Well, I am making progress. I've started another purse, for my oldest daughter's Christmas gift. Wouldn't you know it? I ran out of yarn! I know that I have 3 more skeins of it in my stash box. Yup. The one that got stolen. So, now it's off to evilmart to get more yarn and finish her purse. When these are all lined and done, I am so posting pix! They look better than I expected. 

Today, I am working on a hooded scarf for my granddaughter Angela. Purple, with variegated spirals hanging off the peak of the hood like a pony tail. She's 8. She'll love it.


----------



## mamajohnson (Nov 27, 2002)

MOgal said:


> mamajohnson, I make little rings of whatever color thread/yarn I have that is about as thick as a regular pencil lead that are about 1/2" in. long when they are pulled out straight. I use these to mark the beginning/end of a round, where a pattern repeats until it's obvious to me, in a garment at the center front, center back and sides. I use a one ring of one color for end of round marker and in a garment, I got into the habit of putting the end of round on the left side "seam." I use a second color for the pattern repeats and a third one for the CF, CB and the right side "seam." I tried using the little plastic rings as markers but for me, they made a loose space between stitches which the thin thread does not. Besides, the thread rings are free and I like free.


Oh My Lord! I am TOTALLY and utterly LOST!! LOL!
I *think* I understand what your saying.... sure wish I could see it! I do so much better seeing things. So far I have been using an easy pattern, just not happy with my lack of control on the stitches, some loose, some tight...
that is why I keep taking it out and starting over. 


PS... DH says I speak more 'west texas' than 'east texas' lol!
But, we all still say ya'll!


----------



## MOgal (Jul 27, 2002)

Well, let me see if I can find something on needles where I've used these little markers. I'll have to forward the picture to March or someone to post because I still don't have an account where I can do it directly. 

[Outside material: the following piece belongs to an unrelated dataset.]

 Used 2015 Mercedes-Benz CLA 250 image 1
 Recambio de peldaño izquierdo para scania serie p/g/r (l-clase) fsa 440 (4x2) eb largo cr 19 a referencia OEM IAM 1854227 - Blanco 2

Ya'll take care. It's a nasty cold, cloudy day here. I'm so glad DH is working from home this week or this weather would be really depressing.


----------



## Marchwind (May 10, 2002)

Mogal feel free to forward pics and I'll post them for you.

MamaJ, As for controlling stitches that comes with practice. If it makes you feel any better in the end they will all more or less straighten out once the object is washed and worn.

While we wait for Mogals pics I wanted to ask you if you know and understand how stitch markers work? There are a few different ways but they all basically do the same thing. There are some stitch markers I have that can actually be clipped right to a stitch and it is a stationary thing. I don't use these type very often. Generally stitch markers are to mark a place among the stitches say where you will put in a thumb gore, sleeve, heel of a sock. These types of stitch markers are moved from one needle to the next as you knit. This may be one of those leap of faith things. You may just have to do it even though it may not make a lot of sense but you will see how it works as you deal with them. I have stitch markers that are plastic in different colors, I have some that are beautifully hand made on wire with beads. They are all basically rings or loops that sl;ip over the needles and mark a place between stitches. I don't know if this makes any more sense to you. I don't remember reading your original post about stitch markers so maybe I'm way off from your question. 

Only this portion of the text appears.